“Of course it’s all it was. You know it.”
“Right,” he mumbles and turns away. His shoulders are hunched, and his stride powerful. I want to run after him. Tell him I’m full of shit. Tell him I still love him and it’s killing me.
But that’s the whole thing, right? I’m still in love with a shadow from the past—that’s what’s killing me.
So I’m doing the right thing by walking away. I’m looking out for myself. Which is what I need to do.
My vision blurred, I watch Ethan straddle his bike and disappear in a cloud of dirt, his red light dimming behind the branches, until there’s nothing left of him.
Then I get in my car, wait for my heartbeat to slow down, wipe my tears, and drive home to Damian.
He’s locked himself in the closet again, and this time I nearly lose it trying to pry the damn door open. But instead of giving into the temptation of a self-pity party—because, really, nothing is going right—I do the one, easy thing I can do to fix one thing in my life. I call Lucas and Thalia to have them send someone asap. I tell them where I hide the spare key, knowing I can trust them.
When my phone dings with messages from the girls, I don’t even have the strength to check what they want. I put my phone on silent.
I can barely stand myself right now. I’d be a shit friend.
twelve
Ethan
Igun my bike, leaving Grace in my rearview mirror, a dark shape that’s not even looking at me.
I don’t mean anything to her. Nothing at all. I need to let it go, clear my brain, cleanse my heart.
What was I thinking, again? Oh yeah, that just bringing her to the lake would trigger something. Make her tell me why she dumped me there, yelling things that made no sense. That worked out well. Did I think she was going to apologize?

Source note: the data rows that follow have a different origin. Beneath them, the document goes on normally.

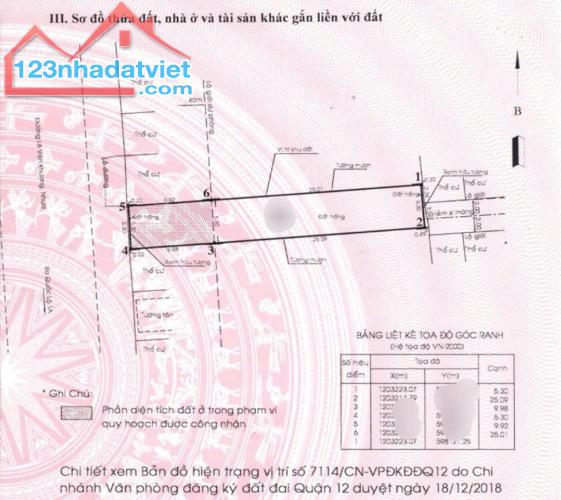 Nhà 4 TẦNG (5.5x35) Mặt Tiền Lê Văn Khương, Quận 12 (Ngay bến xe buýt Thới An) - 2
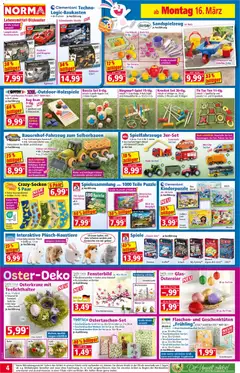 Norma Flugblatt ab 16.03.2026 gültig | Seite: 4 | Produkte: Tasche
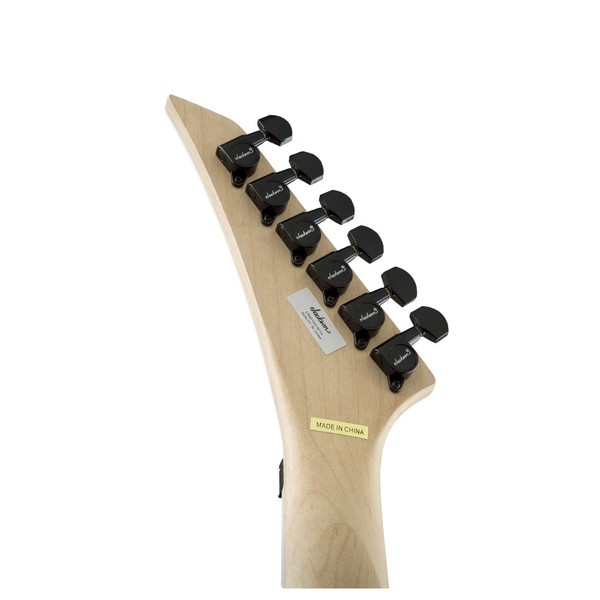 Jackson JS32 Kelly, Ferrari Red - Headstock Back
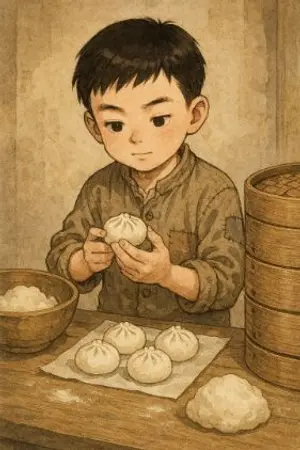 ปกนิยาย เปาจื่อกับระบบยอดซาลาเปา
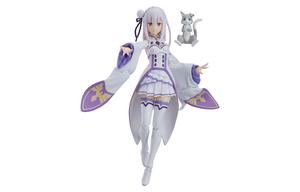 Фигурка Emilia Figma Zero Starting Life In Another World, фигурка Emilia Scale GOOD SMILE COMPANY
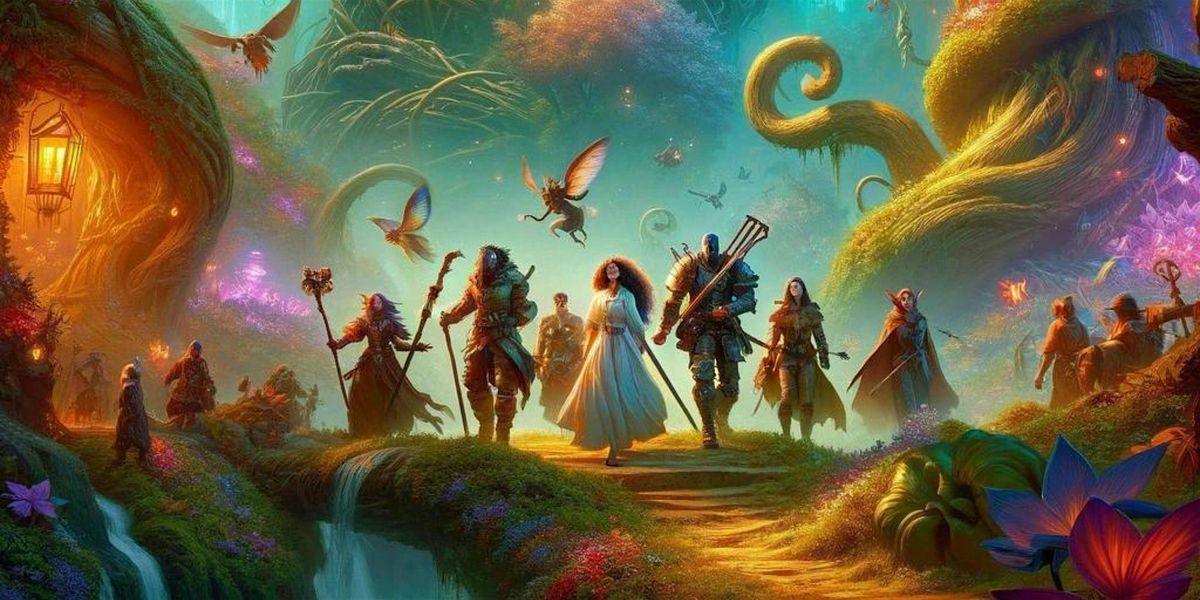 "Wanderers in Otherlands" Multi-Session Dungeons & Dragons Campaign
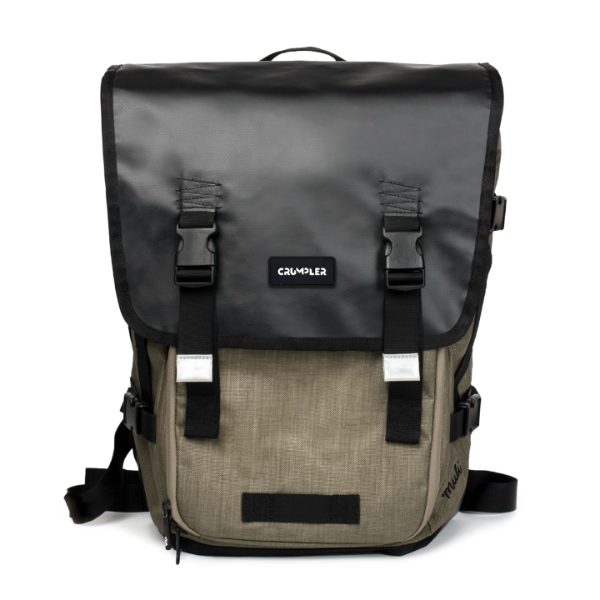 0000001950| Crumpler Muli Photo Black Tarpaulin BackPack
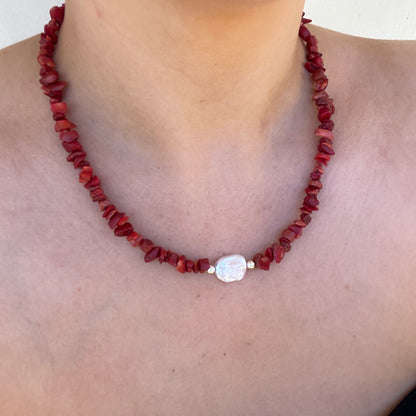 RED CORAL PEARL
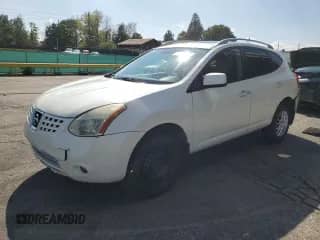 2009 Nissan Rogue SL with VIN JN8AS58V09W434946, listed as a Copart auction lot 82166665 with 243,121 mi miles and Salvage title. Bid and sale history available at DreamBid. Image 1.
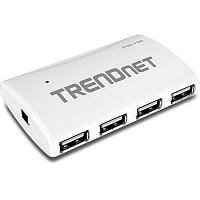 מפצל Trendnet 7-port with Adapter USB2.0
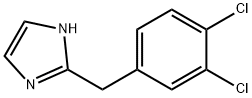 2-(3,4-DICHLORO-BENZYL)-1H-IMIDAZOLE Structure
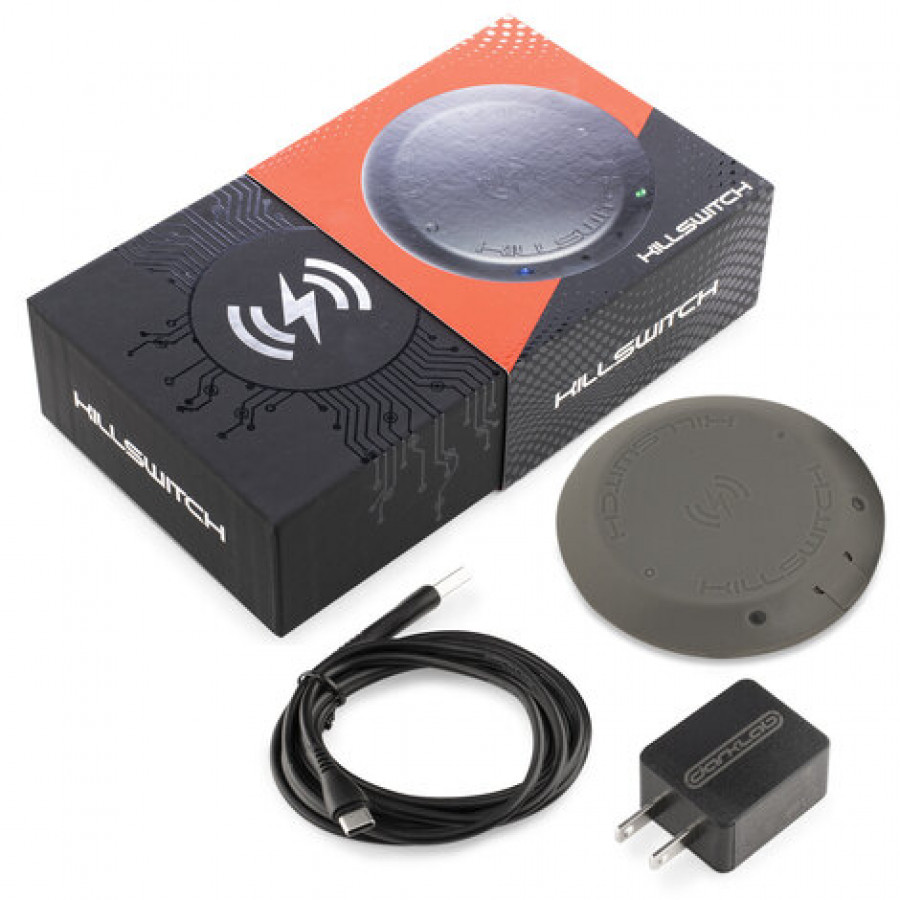 Killswitch Wireless Footswitch - Gunmetal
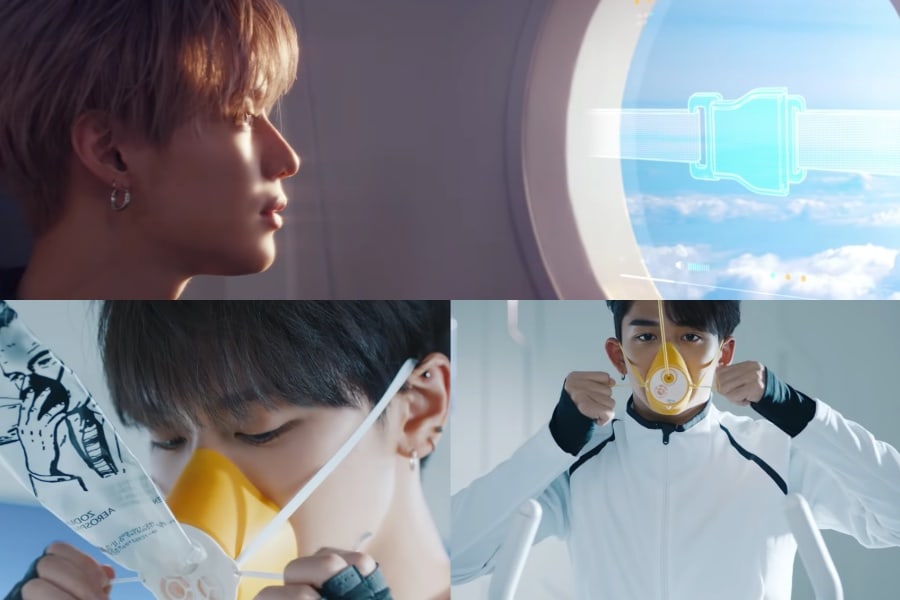 Update SuperM And BoA Reveal Unique Safety Video For Korean Air Soompi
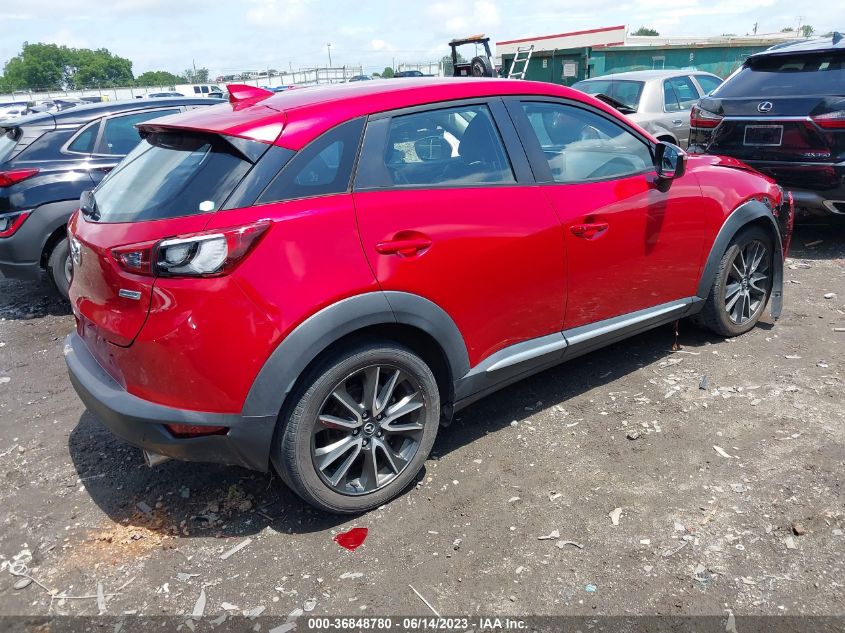2016 MAZDA CX-3 GRAND TOURING - JM1DKBD77G0113629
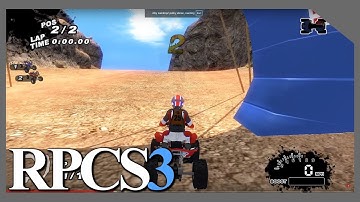 PS3 Emulator | RPCS3 v0.0.5 | LLVM-Vulkan | World Championship Offroad Racing | 4K | #1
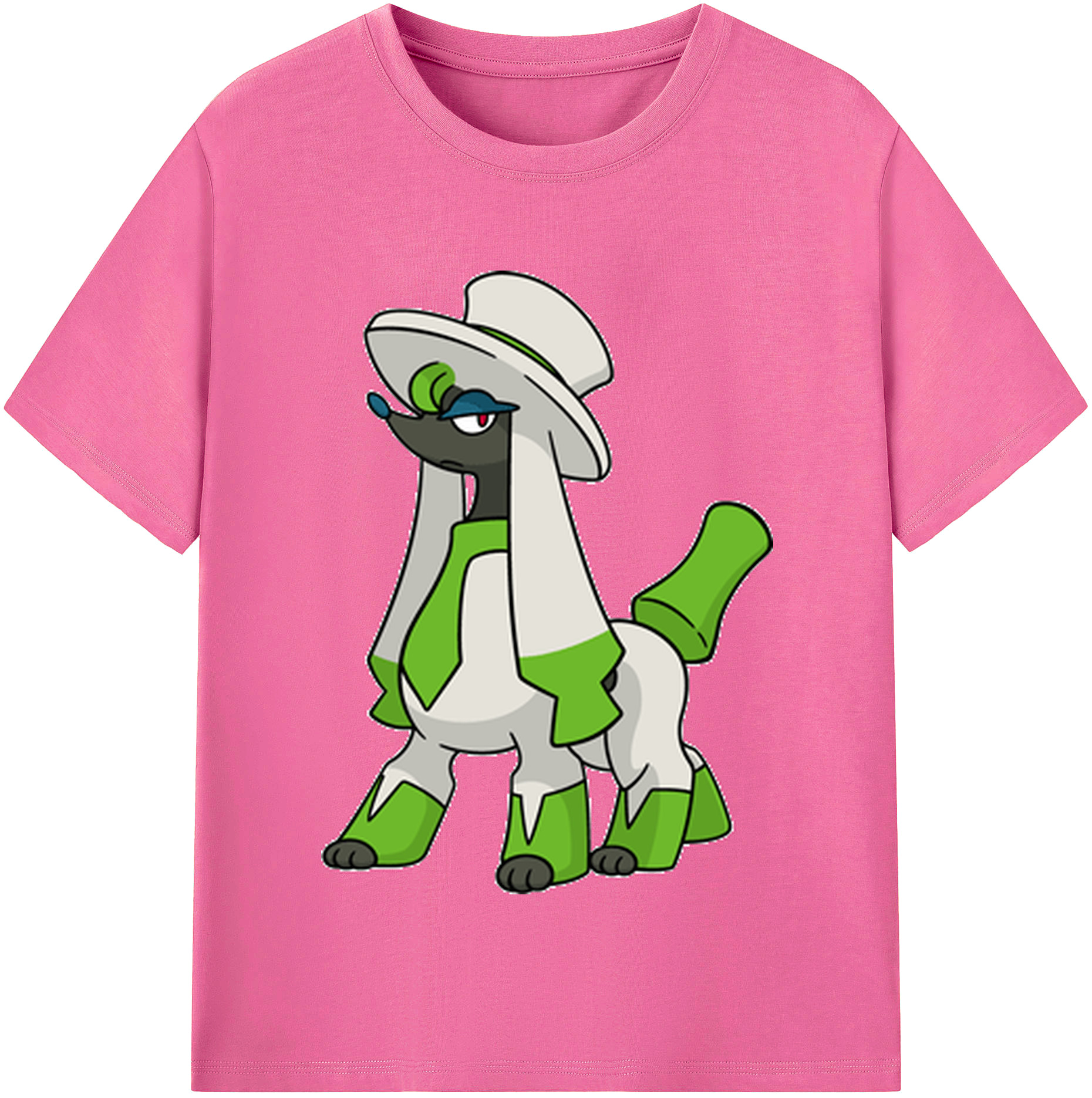 （画像用） ポケットモンスター Pokémon レディースカジュアルプリントTシャツ（綿100％）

We were barely older than the kids on the Varsity team I trained this week.
It’s not like no one told me that she was too young. Too young for me. Too young for love.
And I was too young too.
We were both unable to deal with the force of feelings we didn’t understand. Feelings of trust, and friendship, that grew over the years, then, with hormones kicking in, morphed into something so powerful, we couldn’t manage—or even understand—what was happening to us.
And so we failed. We crashed. I fled the scene, instead of trying to understand, mend, correct whatever had possessed her and build upon it.
I dip down Dewey’s Hollow, then up Woodbury Knoll, where we’d… ah fuck, I can’t do that.
There are too many memories, everywhere.
Even at the farm.
There’s one place though that wasn’t there back then.
My brother Justin’s pub.
And that’s where my wheels take me. To the Lazy Salamander, aka Lazy’s, now the heart of Emerald Creek, with its cozy booths, slick bar, tall ceilings, comfort food, and a shitload of local beers on drafts.
I sit my ass on a stool and watch with envy as Justin pours beers, chats up customers, checks his phone, and smiles like only someone in love can smile.
He has his shit together. He built something out of nothing. He created a hub for our hometown, something we needed desperately. In the time that I was gone, he and his best friend, Chris, became pillars of Emerald Creek.
Me? I have nothing to show for my ten years of hiding. Nothing that means anything here.
“You still around, man?” I turn to the deep voice and greet Colton. “Beer’s on me,” he tells Justin as he slides on a stool next to me.
“First was on the house,” Justin answers. “What can I get you?”